In full and without change, repeat the records shown below.

§

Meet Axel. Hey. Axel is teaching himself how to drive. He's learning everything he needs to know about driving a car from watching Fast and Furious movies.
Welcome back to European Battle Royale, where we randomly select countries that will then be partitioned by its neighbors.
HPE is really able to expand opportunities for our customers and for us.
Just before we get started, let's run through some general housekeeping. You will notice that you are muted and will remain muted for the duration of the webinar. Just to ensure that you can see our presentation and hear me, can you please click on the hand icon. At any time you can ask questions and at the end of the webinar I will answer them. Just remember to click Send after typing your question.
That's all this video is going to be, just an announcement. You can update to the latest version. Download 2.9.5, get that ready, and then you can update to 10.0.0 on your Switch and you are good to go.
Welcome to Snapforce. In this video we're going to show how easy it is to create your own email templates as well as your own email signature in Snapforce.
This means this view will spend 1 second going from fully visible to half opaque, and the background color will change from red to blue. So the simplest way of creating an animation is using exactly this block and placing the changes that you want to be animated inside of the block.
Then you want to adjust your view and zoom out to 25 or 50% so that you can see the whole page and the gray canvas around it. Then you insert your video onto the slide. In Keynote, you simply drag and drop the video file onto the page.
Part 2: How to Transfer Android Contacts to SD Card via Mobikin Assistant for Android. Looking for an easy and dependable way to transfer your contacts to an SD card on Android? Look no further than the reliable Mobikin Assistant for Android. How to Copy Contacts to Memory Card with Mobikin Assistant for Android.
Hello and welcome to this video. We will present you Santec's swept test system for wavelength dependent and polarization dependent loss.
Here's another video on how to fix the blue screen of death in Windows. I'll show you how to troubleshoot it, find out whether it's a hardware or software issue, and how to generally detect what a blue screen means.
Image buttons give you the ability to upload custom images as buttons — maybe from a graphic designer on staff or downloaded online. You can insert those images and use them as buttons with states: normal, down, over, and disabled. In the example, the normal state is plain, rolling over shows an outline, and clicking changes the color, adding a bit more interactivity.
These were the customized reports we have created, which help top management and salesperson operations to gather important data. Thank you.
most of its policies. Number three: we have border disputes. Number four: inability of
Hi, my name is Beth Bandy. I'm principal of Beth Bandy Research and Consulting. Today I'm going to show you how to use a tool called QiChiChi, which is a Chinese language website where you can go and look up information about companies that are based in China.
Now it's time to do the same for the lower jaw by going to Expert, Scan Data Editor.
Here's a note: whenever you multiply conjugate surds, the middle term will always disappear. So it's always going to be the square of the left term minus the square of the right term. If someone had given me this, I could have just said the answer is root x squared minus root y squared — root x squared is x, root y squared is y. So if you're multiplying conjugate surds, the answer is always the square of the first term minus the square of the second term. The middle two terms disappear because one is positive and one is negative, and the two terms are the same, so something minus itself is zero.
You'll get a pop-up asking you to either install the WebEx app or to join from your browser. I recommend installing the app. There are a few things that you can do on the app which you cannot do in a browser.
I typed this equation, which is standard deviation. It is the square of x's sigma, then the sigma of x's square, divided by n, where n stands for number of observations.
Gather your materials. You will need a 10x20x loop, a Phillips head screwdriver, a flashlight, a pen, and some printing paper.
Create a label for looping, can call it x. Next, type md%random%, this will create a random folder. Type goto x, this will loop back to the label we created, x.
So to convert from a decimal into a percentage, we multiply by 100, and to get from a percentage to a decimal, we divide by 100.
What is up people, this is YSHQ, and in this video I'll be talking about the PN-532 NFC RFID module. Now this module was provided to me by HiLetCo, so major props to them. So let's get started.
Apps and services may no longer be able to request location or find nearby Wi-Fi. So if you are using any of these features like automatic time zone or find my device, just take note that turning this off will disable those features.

§

*Response to the task*
Meet Axel. Hey. Axel is teaching himself how to drive. He's learning everything he needs to know about driving a car from watching Fast and Furious movies.
Welcome back to European Battle Royale, where we randomly select countries that will then be partitioned by its neighbors.
HPE is really able to expand opportunities for our customers and for us.
Just before we get started, let's run through some general housekeeping. You will notice that you are muted and will remain muted for the duration of the webinar. Just to ensure that you can see our presentation and hear me, can you please click on the hand icon. At any time you can ask questions and at the end of the webinar I will answer them. Just remember to click Send after typing your question.
That's all this video is going to be, just an announcement. You can update to the latest version. Download 2.9.5, get that ready, and then you can update to 10.0.0 on your Switch and you are good to go.
Welcome to Snapforce. In this video we're going to show how easy it is to create your own email templates as well as your own email signature in Snapforce.
This means this view will spend 1 second going from fully visible to half opaque, and the background color will change from red to blue. So the simplest way of creating an animation is using exactly this block and placing the changes that you want to be animated inside of the block.
Then you want to adjust your view and zoom out to 25 or 50% so that you can see the whole page and the gray canvas around it. Then you insert your video onto the slide. In Keynote, you simply drag and drop the video file onto the page.
Part 2: How to Transfer Android Contacts to SD Card via Mobikin Assistant for Android. Looking for an easy and dependable way to transfer your contacts to an SD card on Android? Look no further than the reliable Mobikin Assistant for Android. How to Copy Contacts to Memory Card with Mobikin Assistant for Android.
Hello and welcome to this video. We will present you Santec's swept test system for wavelength dependent and polarization dependent loss.
Here's another video on how to fix the blue screen of death in Windows. I'll show you how to troubleshoot it, find out whether it's a hardware or software issue, and how to generally detect what a blue screen means.
Image buttons give you the ability to upload custom images as buttons — maybe from a graphic designer on staff or downloaded online. You can insert those images and use them as buttons with states: normal, down, over, and disabled. In the example, the normal state is plain, rolling over shows an outline, and clicking changes the color, adding a bit more interactivity.
These were the customized reports we have created, which help top management and salesperson operations to gather important data. Thank you.
most of its policies. Number three: we have border disputes. Number four: inability of
Hi, my name is Beth Bandy. I'm principal of Beth Bandy Research and Consulting. Today I'm going to show you how to use a tool called QiChiChi, which is a Chinese language website where you can go and look up information about companies that are based in China.
Now it's time to do the same for the lower jaw by going to Expert, Scan Data Editor.
Here's a note: whenever you multiply conjugate surds, the middle term will always disappear. So it's always going to be the square of the left term minus the square of the right term. If someone had given me this, I could have just said the answer is root x squared minus root y squared — root x squared is x, root y squared is y. So if you're multiplying conjugate surds, the answer is always the square of the first term minus the square of the second term. The middle two terms disappear because one is positive and one is negative, and the two terms are the same, so something minus itself is zero.
You'll get a pop-up asking you to either install the WebEx app or to join from your browser. I recommend installing the app. There are a few things that you can do on the app which you cannot do in a browser.
I typed this equation, which is standard deviation. It is the square of x's sigma, then the sigma of x's square, divided by n, where n stands for number of observations.
Gather your materials. You will need a 10x20x loop, a Phillips head screwdriver, a flashlight, a pen, and some printing paper.
Create a label for looping, can call it x. Next, type md%random%, this will create a random folder. Type goto x, this will loop back to the label we created, x.
So to convert from a decimal into a percentage, we multiply by 100, and to get from a percentage to a decimal, we divide by 100.
What is up people, this is YSHQ, and in this video I'll be talking about the PN-532 NFC RFID module. Now this module was provided to me by HiLetCo, so major props to them. So let's get started.
Apps and services may no longer be able to request location or find nearby Wi-Fi. So if you are using any of these features like automatic time zone or find my device, just take note that turning this off will disable those features.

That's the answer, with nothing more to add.